Outside of the obvious monocular cues, Bischoff uses classically trained techniques to create more depth and illusion.  In what appears to be the backs of two chairs, facing away from the viewer at the lower left foreground corner; Bischoff paints only the top half.  This serves two purposes, one is to create the illusion that the chairs come off the canvas and into the viewer’s prescience and invites the viewer to come in and look into the composition. The other purpose is to form a boundary that seems to say; “stay where you are,” and to also say, “do not disturb.”

Bischoff’s use of cool greens surrounding the composition, and the almost warm yellow hues that are muted and filtered from drawn shades in the window, at the background the create an all around placid, harmonious and still environment.  The chairs are painted in a brown with darker green highlight, reflecting the greenery outside the window at the left background; this would suggest a warm earthy boundary between the viewer and the composition.

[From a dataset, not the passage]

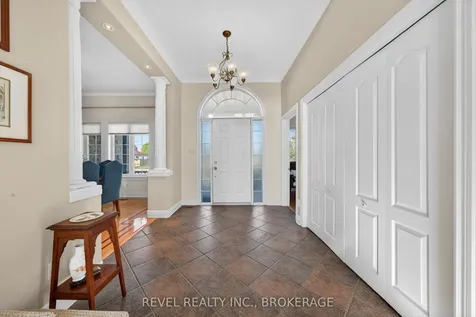 567 Shiloh Avenue Kingston ON K7M 8W1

Bischoff paints the central figure in orange, complementary to the surroundings and being the first object the viewer will greet, but the central figure is not at the center of the composition, and not looking directly to the viewer.  The viewer’s direct line of sight travels to the shaded window in the background, thus going over the head of the central figure and adding to the spaciousness of the room.  Figure two in the background is facing the viewer also seems to offer an invitation to come closer and have a look.

Elmer Bischoff, an American Abstract Expressionist, later in his career turned again to the objective world and began painting figures into his compositions using expressionistic brush strokes and creating beautiful every day American scenes of the 1950’s through the 1960’s.  I am a big fan of Elmer Bischoff and always feel at home studying his paintings, although always knowing my proper place and to view with care.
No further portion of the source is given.